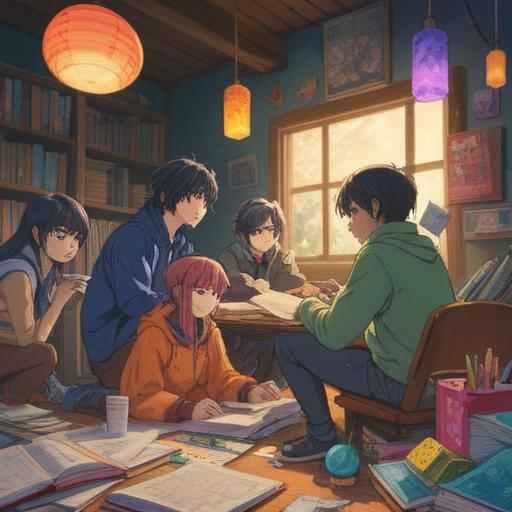 A visually informative illustration of a group of diverse individuals engaging in a collaborative brainstorming session, large notes and sticky papers scattered around, a whiteboard filled with ideas, a vibrant office environment, encouraging teamwork and collective thinking, bright colors, clear focus on collaboration, high detail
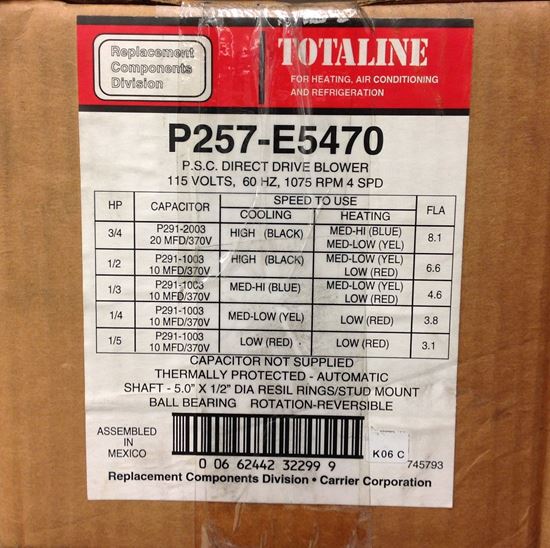 Picture of 115v 1/5-3/4hp 1075rpm Motor for Carrier Part# P257-E5470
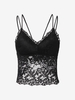 Camisole Rembourrée en Dentelle Insérée à Double Bretelle Taille unique Noir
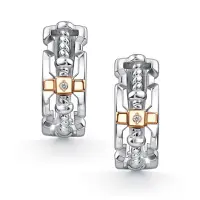 Серебряные серьги с позолотой и бриллиантами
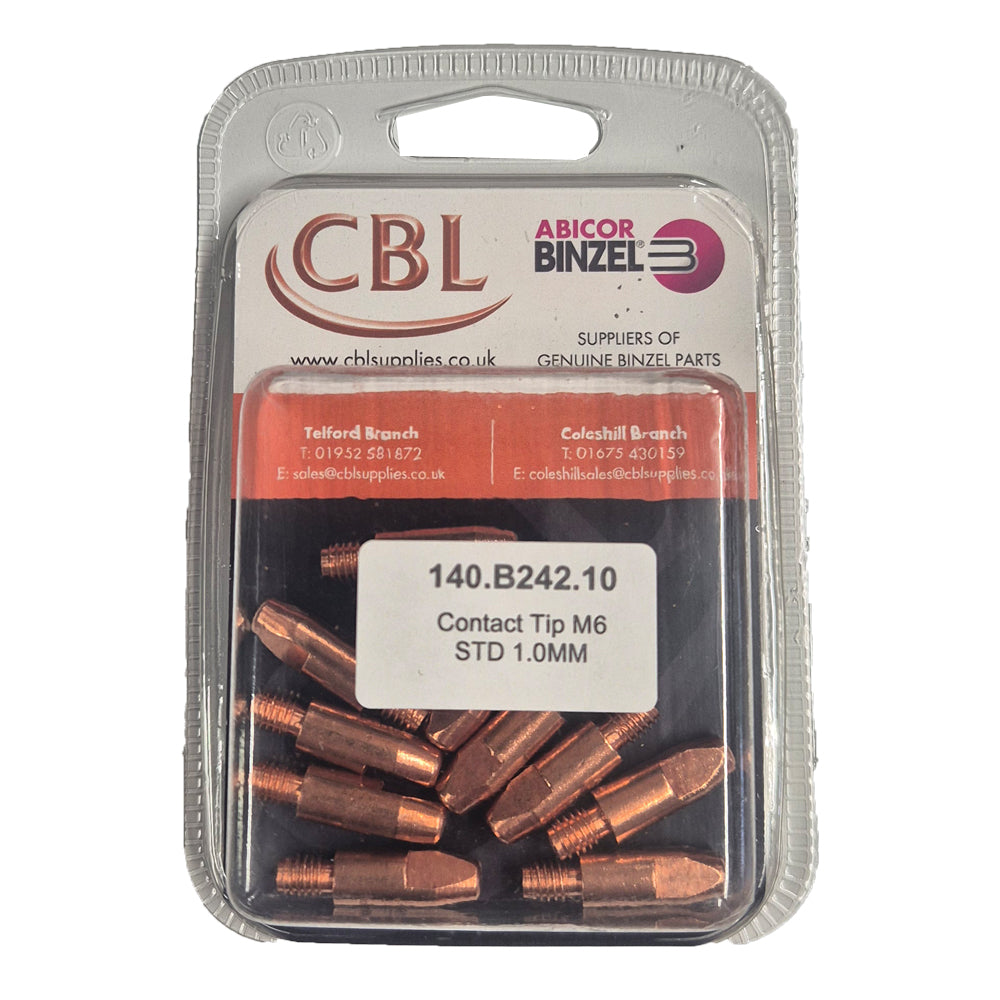 CBL BINZEL 1.0MM M6 MB25 CONTACT TIP PK10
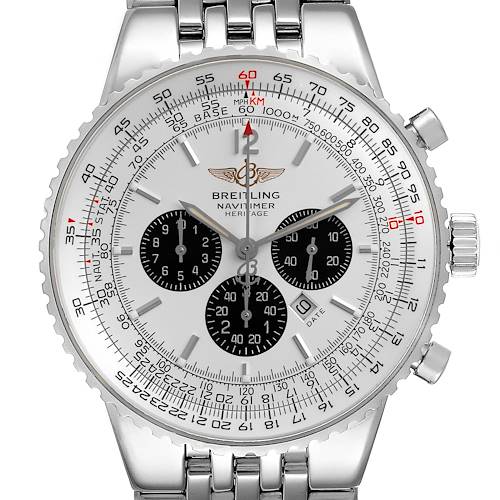 The Breitling Navitimer A35340 men's watch is shown from the front, displaying its face, chronograph dials, and stainless steel bracelet.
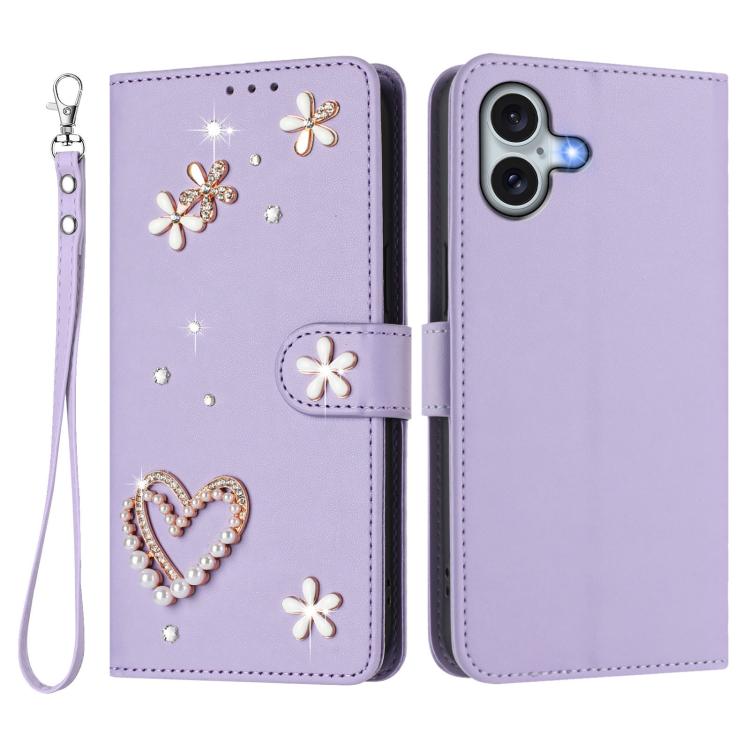 For iPhone 16 Plus ZS01 Double-Layer Heart Floral Vegan Leather Phone Case with Wrist Strap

#####

- _BRIEF_: Each line of the data needs to be output exactly, with any image excluded.

- _RESPONSE TO THIS EXERCISE_:
 A visually informative illustration of a group of diverse individuals engaging in a collaborative brainstorming session, large notes and sticky papers scattered around, a whiteboard filled with ideas, a vibrant office environment, encouraging teamwork and collective thinking, bright colors, clear focus on collaboration, high detail
 Picture of 115v 1/5-3/4hp 1075rpm Motor for Carrier Part# P257-E5470
 Camisole Rembourrée en Dentelle Insérée à Double Bretelle Taille unique Noir
 Серебряные серьги с позолотой и бриллиантами
 CBL BINZEL 1.0MM M6 MB25 CONTACT TIP PK10
 The Breitling Navitimer A35340 men's watch is shown from the front, displaying its face, chronograph dials, and stainless steel bracelet.
 For iPhone 16 Plus ZS01 Double-Layer Heart Floral Vegan Leather Phone Case with Wrist Strap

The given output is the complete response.